In the days since the attempted terrorist attack aboard a U.S. bound airliner, Americans have been engaged in a full-blown debate regarding privacy, security and the limits of government’s right to search individuals who have not been suspected or charged with criminal activity.
The debates center around the full-body scanning technology numerous foreign and domestic agencies have said will be installed at airports around the world. Privacy rights groups have been critical of anatomically revealing scanners used on all travelers as a primary screening method.
"Obviously, we have a concern, because it’s a virtual strip search that is terribly invasive," said Michael German, policy counsel for the American Civil Liberties Union, quoted by CNN.
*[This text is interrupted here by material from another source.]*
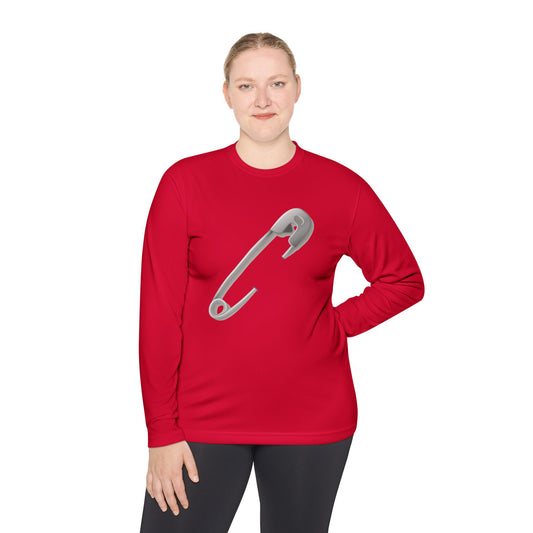Unisex Lightweight Long Sleeve Tee - Safety Pin Design - Casual Everyday Wear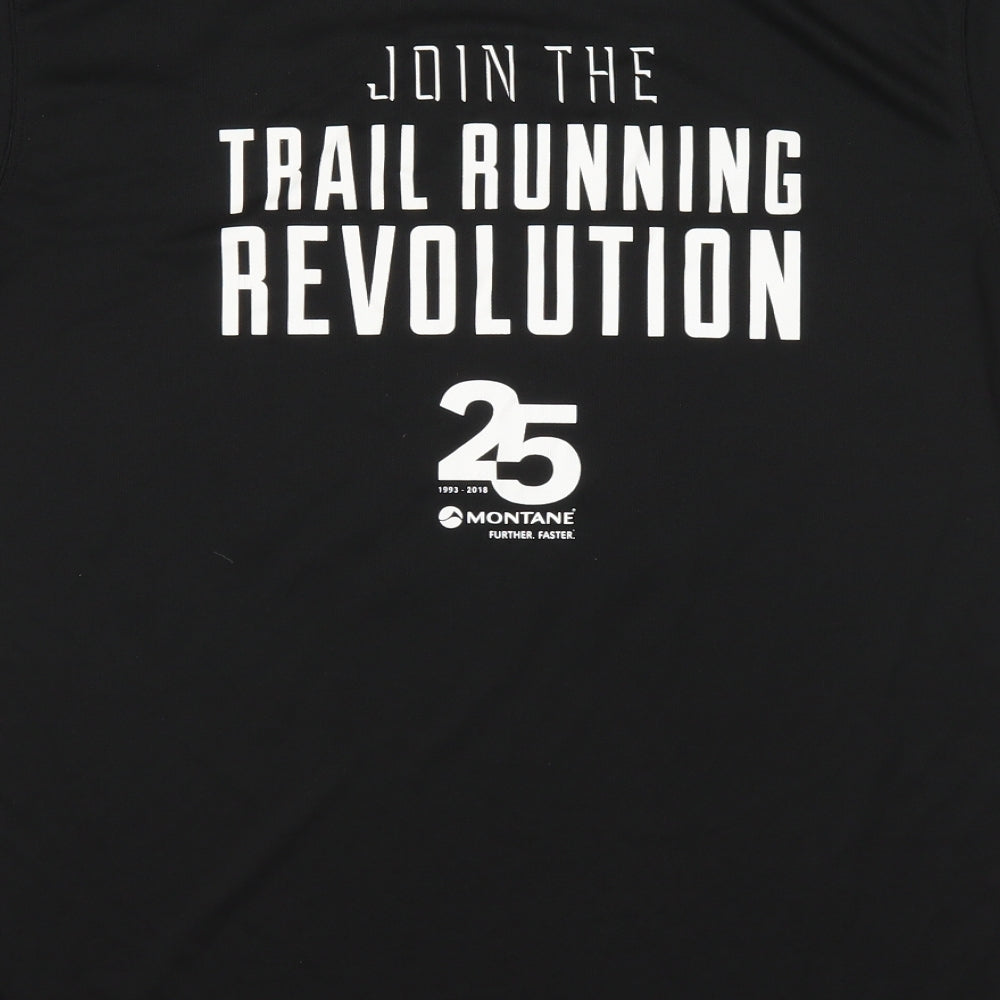 Awdis Mens Black  Polyester Basic T-Shirt Size L Round Neck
The news sources also reports that the Electronic Privacy Information Center has filed a lawsuit against the Department of Homeland Security seeking details under the Freedom of Information Act about the department’s use of the advanced imaging technology.
In response, the Transport Security Administration (TSA) has said passengers’ faces are blurred on full-body scans, employees who deal directly with passengers do not see the scans and those who review the scans do not see the passengers.
That said, public acceptance of body scanners may be on the rise. "Nearly 90 percent of passengers choose the body scan over getting patted down by security guards," according to an expert quoted by The Plain Dealer.
Still, some critics say that while the new technology is effective in detecting threats from unsophisticated, mentally troubled individuals, more refined plots may still be beyond its capabilities.